A mountain lion that briefly chased a couple of Skyline Wilderness Park hikers has officials telling outdoor enthusiasts to exercise caution in the wild.
“Sightings up there are fairly rare, especially when you consider the hundreds of people who hike that area every day,” said Sgt. Mike Bartlett of Napa County Animal Control. “But there are definitely mountain lions up there. It’s the wilderness.”
Napa residents Liz Alessio and Steve Husong were reminded of this fact Sunday afternoon as they approached the crest of the Skyline trail near Lake Marie. As the couple hiked up the path toward the southern end of the park, Husong said he spotted a mountain lion about 40 feet ahead of them.
“It crouched down on the trail before continuing out of sight,” Husong said Monday afternoon. “I’ve been hiking in the woods all my life and I’ve only seen one other mountain lion. So I thought it was cool at first. But I’ve never seen anything like what happened next.”
Husong said he pointed the animal out to Alessio, who instantly became afraid. But because the cat had disappeared from sight, the pair pressed on up the path.
As Alessio’s fear got the best of her, she said she began walking faster and managed to get out about 15 feet in front of Husong.
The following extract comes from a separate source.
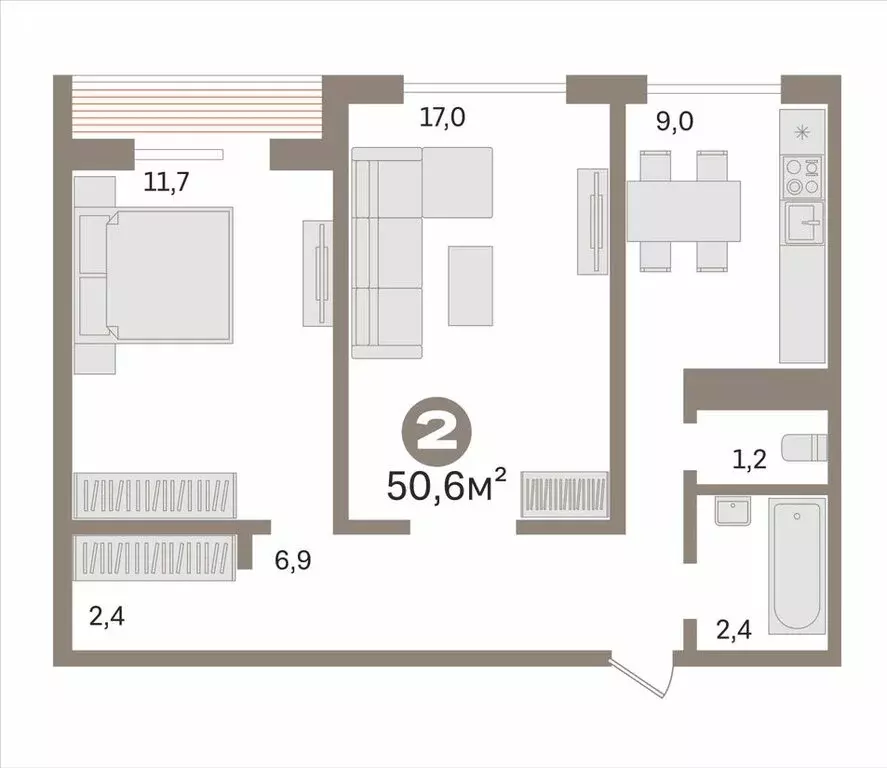 2-комнатная квартира: Тюмень, Почтовая улица, 28 (50.6 м) - Фото 2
When she glanced back moments later, she was shocked to see the large mountain lion about 60 yards behind Husong.
“I shouted out ‘It’s behind you, we have to run!’ and I took off,” she said Monday, still shaken from the encounter. “When I looked back, the mountain lion was chasing Steve (Husong) up the trail and quickly gaining on him. It’s one thing to see an animal off in the distance, but it’s entirely different to have it chase you up a path.”
Husong, a war veteran who was injured in Afghanistan, said that he knew he couldn’t run fast enough to escape the approximately 150-pound cat.
“So I stopped, turned around, and stared it straight in the eyes,” he said.
Husong’s actions possibly saved his life. The animal stopped about 20 feet shy of him and crouched down on the trail, Husong said.
“It was huge, it made no noise at all and it stared at me,” he said. “And just like that, it went away.”
According to Husong, the animal slunk out of sight after several moments. As soon as it disappeared, Alessio and Husong ran back to their car — which was parked about nearly an hour’s walk away, back at the beginning of the trail.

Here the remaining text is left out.